§ WHAT TO DO: Print all of the data exactly, but drop the pictures.

**** DATASET CONTENT

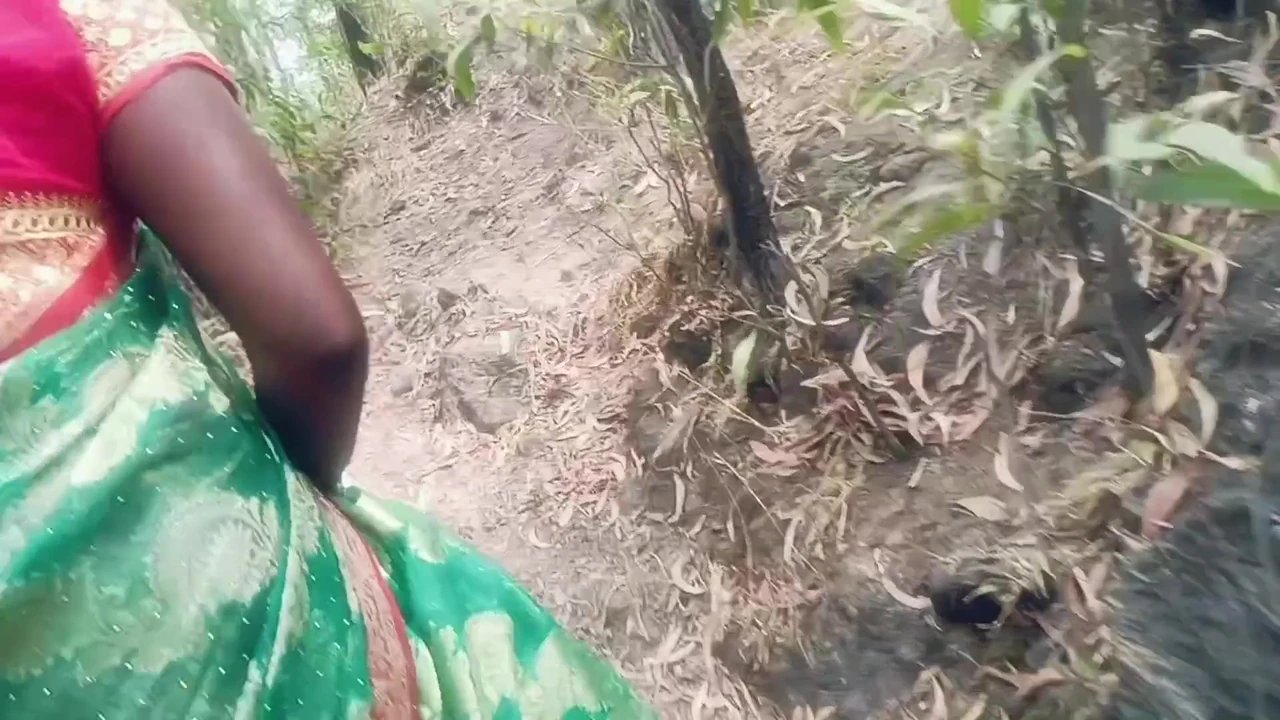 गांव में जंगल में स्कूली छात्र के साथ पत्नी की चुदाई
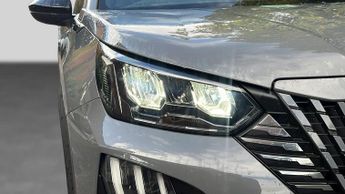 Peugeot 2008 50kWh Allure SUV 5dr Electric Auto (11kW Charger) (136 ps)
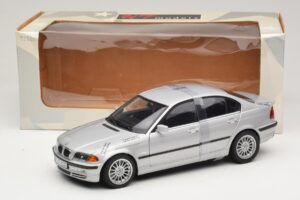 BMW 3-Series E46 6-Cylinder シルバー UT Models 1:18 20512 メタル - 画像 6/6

********

§ YOUR SOLUTION:
 गांव में जंगल में स्कूली छात्र के साथ पत्नी की चुदाई
 Peugeot 2008 50kWh Allure SUV 5dr Electric Auto (11kW Charger) (136 ps)
 BMW 3-Series E46 6-Cylinder シルバー UT Models 1:18 20512 メタル - 画像 6/6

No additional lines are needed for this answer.